The night before I left, we spent the whole night driving around the Las Vegas Strip doing what we did best--listening to music, killing time, and just enjoying being silly and stupid together. The mood shifted dramatically though when you started heading back to my house to take me home for the last time. That 10 minute ride felt like forever as we rode together, both of us silently crying, afraid to look at each other. Though we vowed to stay close, I think deep down we both knew that things would never, ever be the same.
Where I went, you followed....
It was only one year of high school we had to get through until we could be reunited. In the fall of 2004 we were moving our things into our college dorm, happy to be together again, and excited to be roommates and sisters at the most exciting time of our lives! We were college freshmen--on our own, but together!
Like most 18 year olds with their newfound freedom and plethora of social circles and activities, we were finding out who we were and who we wanted to be. It was during that time that our differences were revealed, and we started growing in separate ways. At first it was gradual, but by the end of that first year of college, we were practically strangers, barely even speaking to each other. There have been many times where I've tried to pinpoint exactly what went wrong, but it's not exactly something I like to sit and think about as I was once again losing the most important person in my life.

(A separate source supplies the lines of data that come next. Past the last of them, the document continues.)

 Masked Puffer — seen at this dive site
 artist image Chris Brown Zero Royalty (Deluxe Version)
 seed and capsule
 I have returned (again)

What I do like to reflect on are my thoughts on love. It's my personal belief that when you love someone--truly love them for who they are, that love never goes away. That's why it baffles me when two people break up and put so much effort into painting the other person as some horrible monster, as if they never cared for them at all. How can that happen? Are they not the same person with the same core beliefs? Do all those previous happy moments shared together suddenly not count? Much to the dismay of people, you can't erase the past, and as hard as you try, how the past made you feel will always remain, if even just slightly. It's those beliefs about love that make me incredibly, sincerely happy for you, Jessica. I would never want anything but success, happiness and love for you-- for the woman you are today, for the person you were when we were 17, and for your future self.

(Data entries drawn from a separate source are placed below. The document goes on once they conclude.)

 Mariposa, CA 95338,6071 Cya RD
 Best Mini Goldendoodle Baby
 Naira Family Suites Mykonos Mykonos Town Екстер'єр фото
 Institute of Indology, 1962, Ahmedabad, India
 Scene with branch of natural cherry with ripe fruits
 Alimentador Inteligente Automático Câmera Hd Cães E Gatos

If someone would have asked my 17 year old self whether I'd be standing next to you years down the road on your wedding day, I would have said "fuck yeah!" without a second thought-- It wouldn't have even been a question. 5 years ago, and even 5 months ago, I would have only thought I'd skim across an update on facebook. After how far we've ventured, I consider myself lucky to have had the opportunity to attend your wedding, in whatever fashion that may be. It means a lot to me that you asked me to photograph this moment in your life--that you would trust me with that task.
So, as I sit here writing this blog, I'm thinking about how funny life is. I was fortunate enough to still there next to you on your wedding day, I just happened to be a few feet down the aisle looking up at an old friend on one of the most pivotal moments of her life, smiling, seeing both the girl you used to be and the woman you are today.
It was my honor, and my pleasure to be there with you on this day in your life. I hope I captured your most cherished memories for you, and I hope you carry these memories with you for years to come.
THE WEDDING I ALMOST DIDN'T MAKE....
My life is fairly free from drama and chaos, I don't have many circumstances in my life that provoke stress, and I don't like to involve myself in anything that may cause me to lose control or my ability to rationalize. All of that was shattered to shit last Wednesday when I missed my flight to Mexico for Dan and Jessica’s wedding. It being my first destination wedding, I thought I planned it all. I carefully selected what gear I needed to take, made sure I had all the right documents, considered every possibility I might run into shooting a beach wedding, and refined my timeline and checklist with the kind of detail a CIA agent could appreciate. What I didn't plan for was the hour long TSA line (the longest line I’ve EVER seen at Reno Tahoe International), the trainee at the front desk who was less than speedy getting our bags checked or the 1,000 other 5 a.m. travelers (seriously, who fucking flies that early?!?). I didn't plan on sprinting to my gate, only to see my plane sitting there, door closed, (7 minutes ahead of scheduled take off) with an unsympathetic gate attendant whose only response was, "I'm sorry, there's nothing I can do." I didn't plan on my flight being the ONLY Southwest flight that could connect me to Mexico before my wedding the next day, and I definitely didn't plan on a DEFCON 5 level meltdown in the airport lounge that would make a 5 year old blush. Nope, that was definitely not part of the plan....
(image from Google)
Every thought possible entered my brain within the time frame of 3 minutes: How can I get on another flight? ARE there any other flights? How much money am I going to have to throw down? Will it get me there in time? Can I drive? Dear God, why me, why now? HOW CAN I FIX THIS?!?! It was without a doubt, the worst day of my life that I had experienced in more than 15 years, and every wedding photographers worst nightmare. My brain was pounding, my stomach clenched tight and my nerves kicked it. I truly thought I was going to miss the wedding, I was going to let my friend down and I was going to leave her stranded without a photographer on the most important day of her life.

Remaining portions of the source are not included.